Bump.......

Is 5 the answer?

Here is what I think.. Let the people be as $ P_1, P_2 .. P_10$ and their shoes be as $ S_1, S_2,... S_10$ Now person $P_i$ can were shoes $S_j$ where $j\geq i$ Now if $P_1$ went and picked up $S10$ $P_2$ went and picked up $S9$ $.......$ $P_5$ went and picked up $S6$ Now for $P_6$ he cannot wear shoe $S_5$ or less, so $\framebox5$ people are left out. $ \square$ Upvote if you liked it.

I agree with above. It is impossible to have more than 5 pairs, as that would assure that one of the people who stay would still have their exact pair in the house.

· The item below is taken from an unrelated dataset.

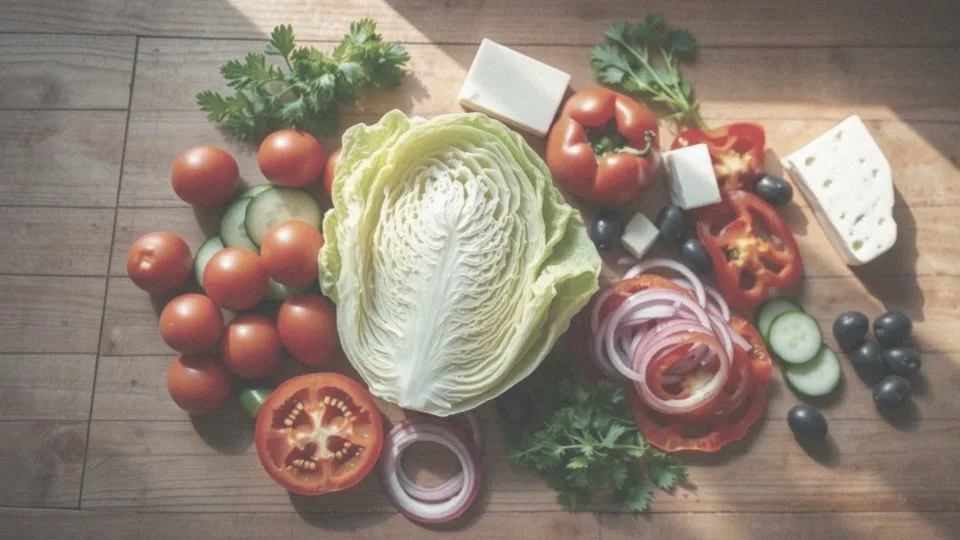 Jakie są składniki sałatki z sałaty lodowej?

Is it only me or do you not need to formalise the bound? Here is my solution: Answer: The answer is $\boxed{5}$. Construction: If the shoe $S_i$ belonged to person $P_i$ with $i<j \implies size(S_i) \le size(S_j)$, the person $P(i)$ can take shoe $S(11-i)$, which is the construction for $5$. Note here $i \ge 6$ does not work. Bound: Let \( n \geq 6 \) represent the number of people, where the person with the smallest shoe size is \( 11 - n \) and the largest shoe size available is \( n \) in the worst case scenario. We need to show that for \( n \geq 6 \), the assumption \( 11 - n > n \) leads to a contradiction. Assume for contradiction that the smallest shoe size is larger than the largest shoe size: \[ 11 - n > n \] However, we are given that \( n \geq 6 \), which contradicts this result. Thus, the assumption that \( 11 - n > n \) must be false, and we conclude the proof.